Records from a dataset
========================
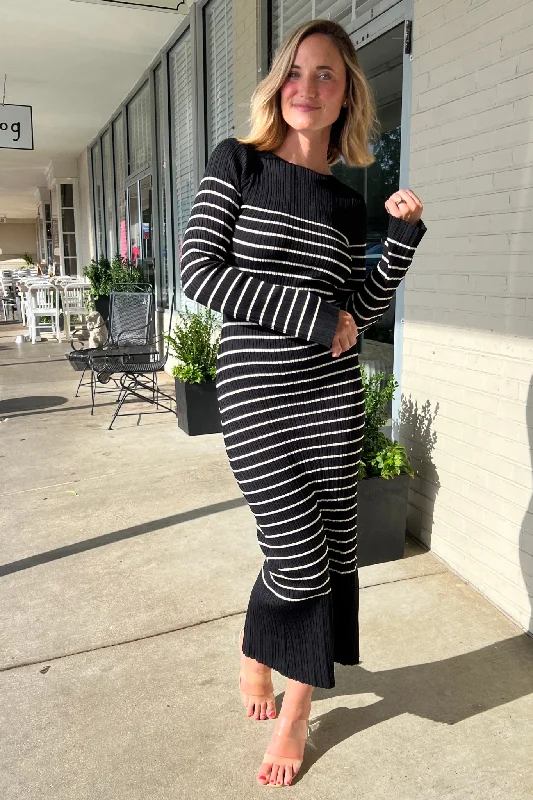 Seaside Muse Striped Midi Dress Black/Beige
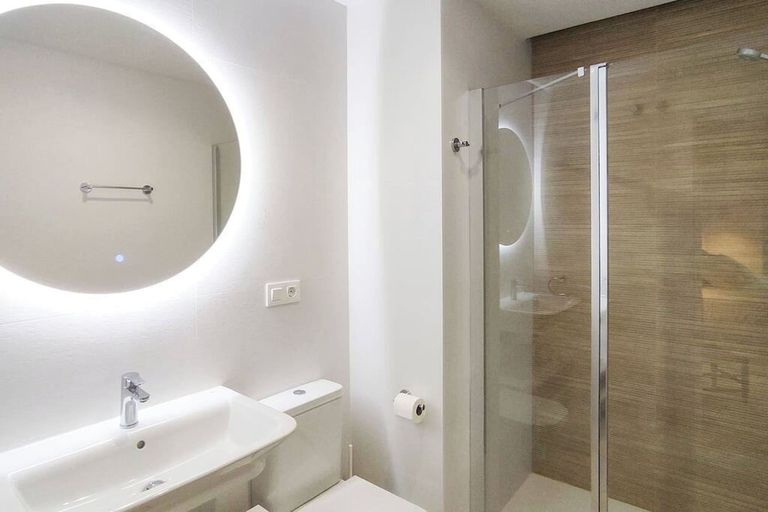 Bathroom 5, Housing Ollerias by Sharingco, Málaga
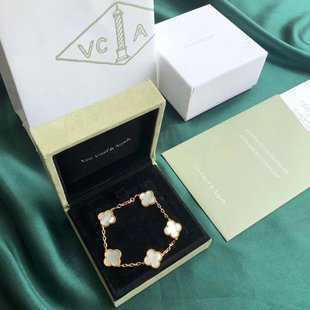 Silver Fashion Jewelry Necklaces Snap Stainless Steel Wholesale Coin Glass Perfume Bottles Linked Heart-image-748996329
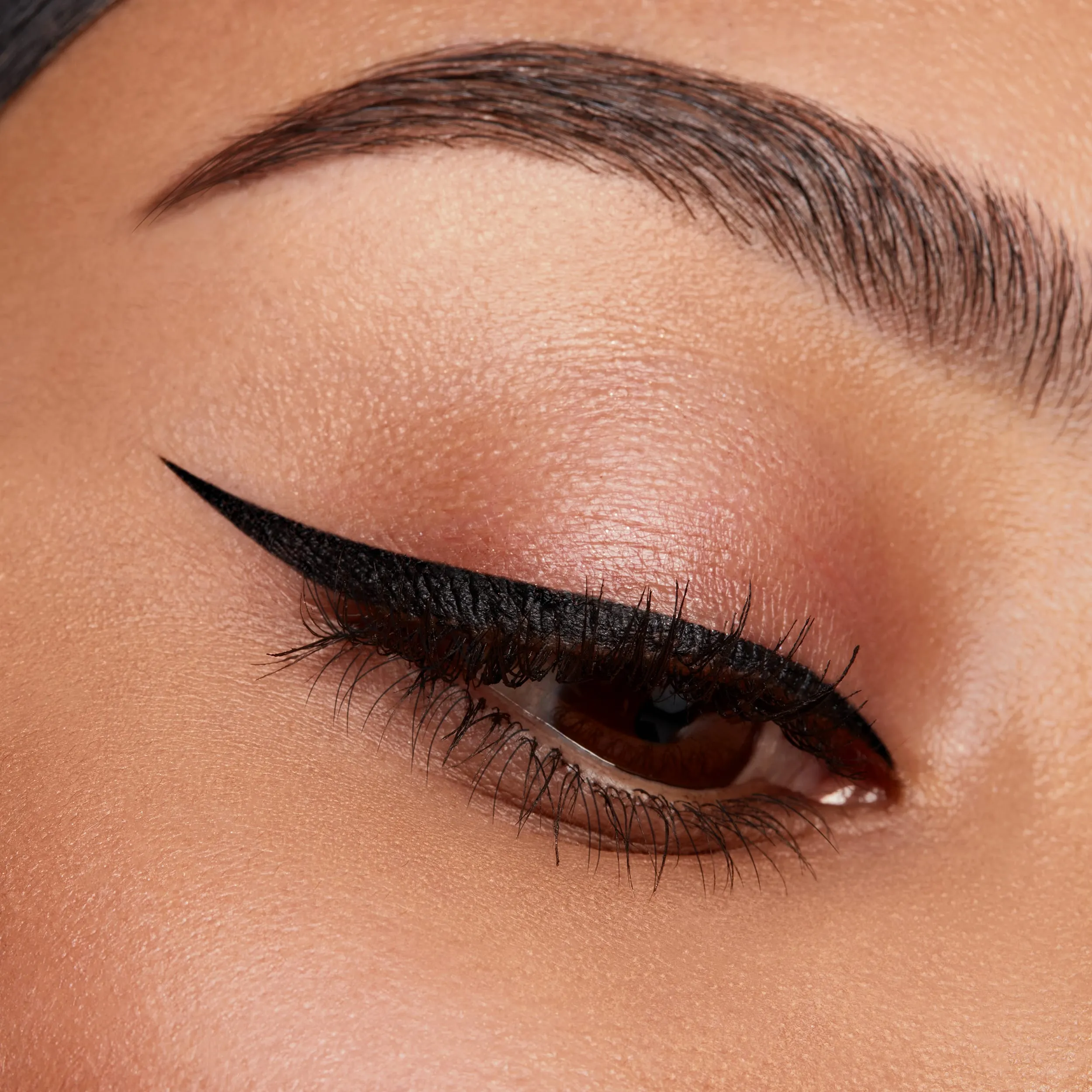 Kyliner Brush Tip Liquid Eyeliner Pen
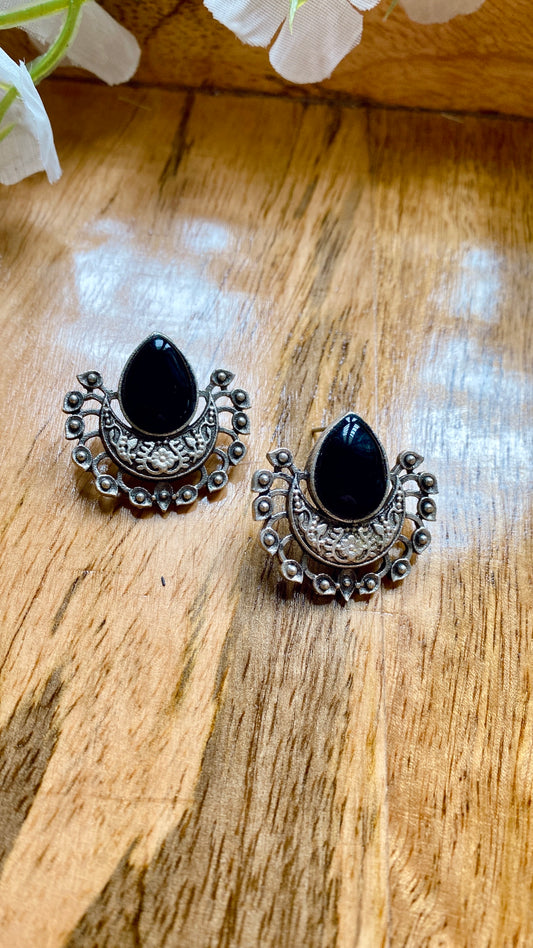 Neesha Studs - Black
========================
EXERCISE GOAL
Find the line with "Silver Fashion Jewelry". Reproduce it and every line after it through the last line above exactly, leaving out the pictures.

SOLUTION FOR THIS EXERCISE
 Silver Fashion Jewelry Necklaces Snap Stainless Steel Wholesale Coin Glass Perfume Bottles Linked Heart-image-748996329
 Kyliner Brush Tip Liquid Eyeliner Pen
 Neesha Studs - Black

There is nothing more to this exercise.